Baseball fans often remember the times they saw the game’s biggest stars play in person.
I’ll never forget the first time I watched Ichiro Suzuki play. Now, two decades later, there’s an unlikely connection between him, MGM Resorts International, its bid for a resort in Japan and the new affiliation between the Oakland Athletics and the Las Vegas Aviators.
I was in Japan in the 1990s and decided to see professional Japanese baseball for fun. It was raining outside the Tokyo Dome when the Nippon Ham Fighters played Ichiro’s Orix Blue Wave team.
Ichiro played left field, and I was sitting among hundreds of Japanese baseball fanatics in the dome’s left-field bleachers. In this cultural immersion, I quickly learned that bleacher fans in Tokyo aren’t passive baseball viewers. By the second inning, I was following the lead of my section chant leaders cheering the action.

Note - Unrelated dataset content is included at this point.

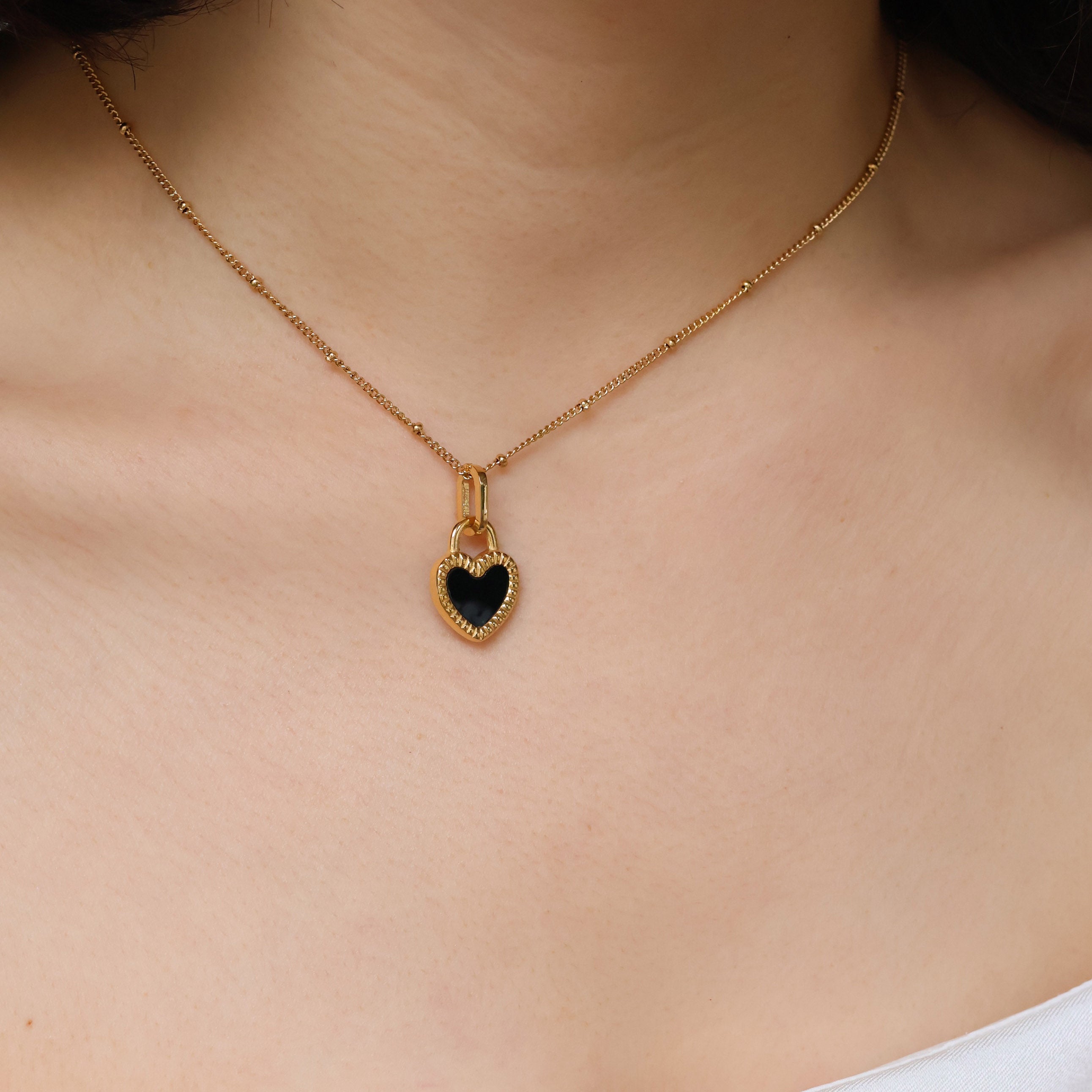 Double-Sided Heart Pendant Necklace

I had no idea what I was saying in Japanese, but I just remembered how much fun it was. Little did I know that day that Ichiro would become a big star in America.
Flash forward about two decades. Ichiro is a non-roster invitee with the American team that first signed him, the Seattle Mariners. At 45, it’s a long shot he’ll make the team. But if he does, he’ll be with the Mariners as they open their season March 20 and 21 against the A’s at the Tokyo Dome, as Major League Baseball makes a push to extend beyond North America.

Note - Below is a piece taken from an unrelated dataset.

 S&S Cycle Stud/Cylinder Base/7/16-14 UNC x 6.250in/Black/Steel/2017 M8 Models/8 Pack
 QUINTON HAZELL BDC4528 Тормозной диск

The two-game series in Tokyo is significant for another reason. The A’s — new parent team of the Aviators — will be wearing a special patch on the sleeves of their uniforms that says, “MGM Resorts Japan.”
It’s part of a sponsorship agreement MGM Resorts signed with Major League Baseball last year, and it illustrates how far baseball has come in embracing sports gambling.
The sponsorship patch is a marketing coup for MGM, which is in the midst of a highly competitive bid to build an integrated resort with a casino in Japan.
Though Japanese lawmakers still haven’t determined all the details of the bid process, it’s expected that three casinos will be built. MGM, Las Vegas Sands Corp., Caesars Entertainment Corp. and Wynn Resorts Ltd., as well as Seminole Hard Rock Entertainment and a handful of Asian and Australian companies, are competing to win a spot in what some analysts believe will become a $24 billion-a-year market.
Spring training bets
While MLB appears to be embracing casino gambling on the sponsorship front, it’s clear it still has a lot to learn about how the industry works.
Last month the league made a request of state Gaming Control Board Chairwoman Sandra Morgan to restrict all sports wagering on spring training games.
The request from Bryan Seeley, deputy general counsel for the MLB commissioner’s office, came a day before spring games were to begin.
“Spring training is practice,” Seeley’s letter said. “Spring training is an opportunity for clubs to evaluate non-roster players and finalize their regular-season rosters.”
Because the games are meaningless in terms of wins and losses, Seeley argued, integrity risks are heightened with wagering.
In one of her first appearances on a national stage, Morgan flatly rejected the request.
“We share your concern about the integrity risks in your sport and we believe Nevada’s strict statutory scheme has proven that it has proper controls in place to minimize those risks,” Morgan wrote in her reply.
It should be noted that state gaming regulations have a process in place giving leagues the right to request that games be taken off betting boards, and regulators could enforce a request. Regulations require that any request be made 30 days before a game or series for fair consideration and input from bookies.
Sportsbooks take little action on spring training games, since most of the big stars see minimal action, especially in the earliest games.
MLB’s handling of its request shows the industry still has a lot of educating to do on the business side of sports wagering.
The Review-Journal is owned by the family of Las Vegas Sands Corp. Chairman and CEO Sheldon Adelson.